#### Problem requirements:
Beginning with the first line below, retype exactly each line through the one containing "Another mode of". Leave out all pictures.

::: Data provided :::

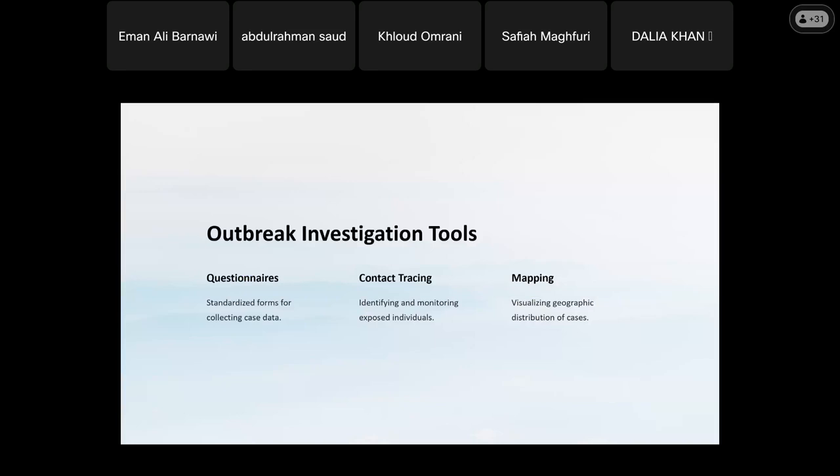Outbreak investigation tools include: a standardized form for collecting case data — either an Excel sheet or a new model — containing all the data needed for control and analysis. Contact tracing is used to identify all exposed individuals — not just patients but also healthcare workers. The movement of staff should be tracked. Mapping is also a key tool: visualizing the geographic distribution of cases within the facility.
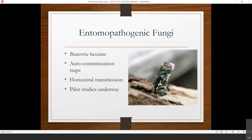Another mode of biological control gaining attention is entomopathogenic fungi, particularly Beauveria bassiana. This is a fungus that causes disease in insects and occurs naturally, so there's no concern about introducing a non-native species. Studies have looked at auto-contamination traps where beetles fly in, get inoculated with the fungus, leave the trap, and die within five days. Horizontal transmission has shown to be successful — male beetles that pick up the fungus in a trap transmit it to females when they mate. Pilot studies are underway to see if this is a feasible field approach. Fingers crossed that we have one more tool in our toolbox soon.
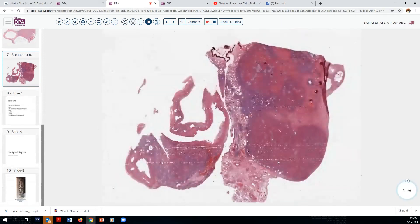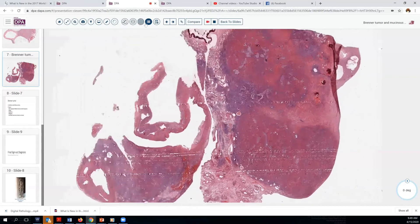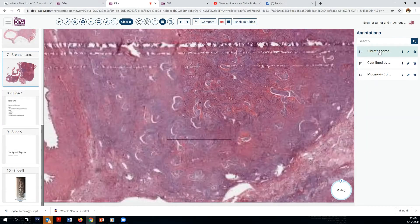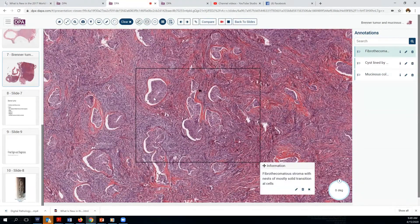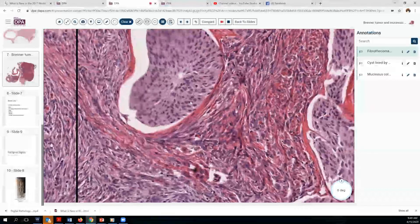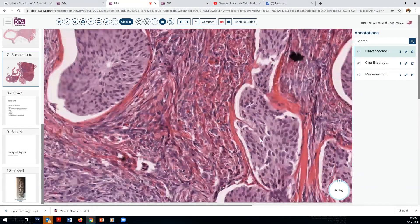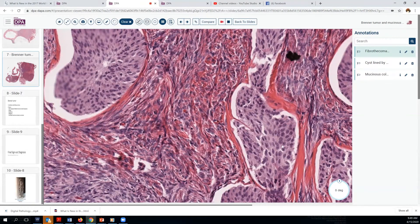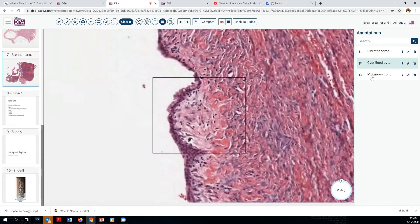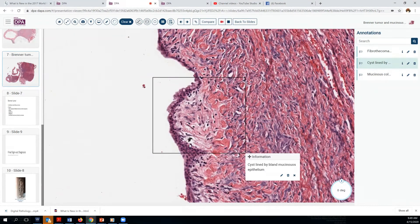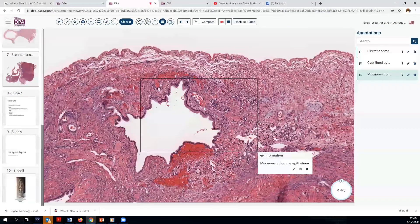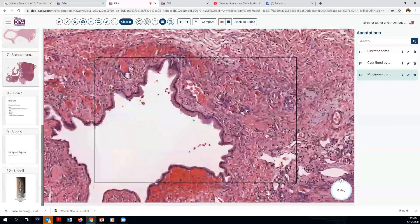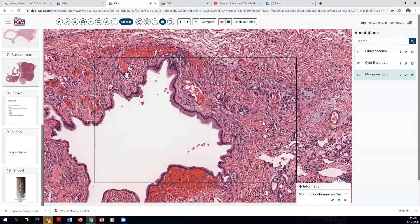Looking at another case, we find another variation on this lesion. We can see this fibro-thecomatous stroma and solid nests of cells. Again, you can see very bland nuclei, occasional chromocenters, and maybe a groove or two. We also have a cyst adjacent here, but rather than squamous, we see that this epithelium has a very bland, slightly mucinous character. Here's another area where we have a mucinous epithelium associated with this lesion — and this is a common finding in Brenner tumors of the ovary.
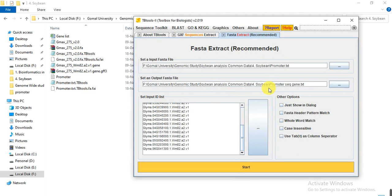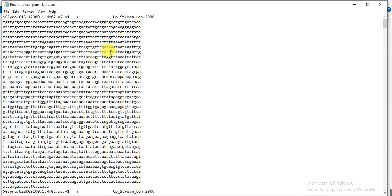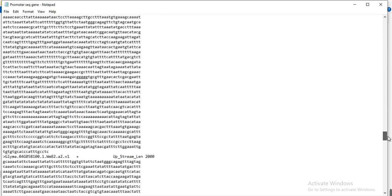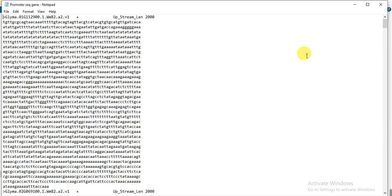I had forgotten a slash in the path, so I added it and ran it again — 'Extraction finished, all records found and extracted.' Now I have the promoter region file for my specific genes. First we made the promoter region file of the whole genome, and from that file we extracted the promoter region of our specific genes in a single click. By following these steps you can get the promoter region of thousands of genes in a single click. Hopefully this video helps — please like, comment, and share. Thank you!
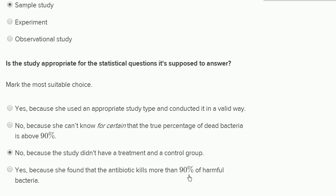'Yes, because she found the antibiotic kills more than 90% of the harmful bacteria' — that's also wrong, because even if she knew for sure that more than 90% of the population had been killed, she doesn't know it was caused by the antibiotic. It could have been caused by many things. If she had a control group with the exact same conditions and the bacteria didn't die, then she could feel confident the bacteria death was due to the antibiotic.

:::

#### Task result:
Outbreak investigation tools include: a standardized form for collecting case data — either an Excel sheet or a new model — containing all the data needed for control and analysis. Contact tracing is used to identify all exposed individuals — not just patients but also healthcare workers. The movement of staff should be tracked. Mapping is also a key tool: visualizing the geographic distribution of cases within the facility.
Another mode of biological control gaining attention is entomopathogenic fungi, particularly Beauveria bassiana. This is a fungus that causes disease in insects and occurs naturally, so there's no concern about introducing a non-native species. Studies have looked at auto-contamination traps where beetles fly in, get inoculated with the fungus, leave the trap, and die within five days. Horizontal transmission has shown to be successful — male beetles that pick up the fungus in a trap transmit it to females when they mate. Pilot studies are underway to see if this is a feasible field approach. Fingers crossed that we have one more tool in our toolbox soon.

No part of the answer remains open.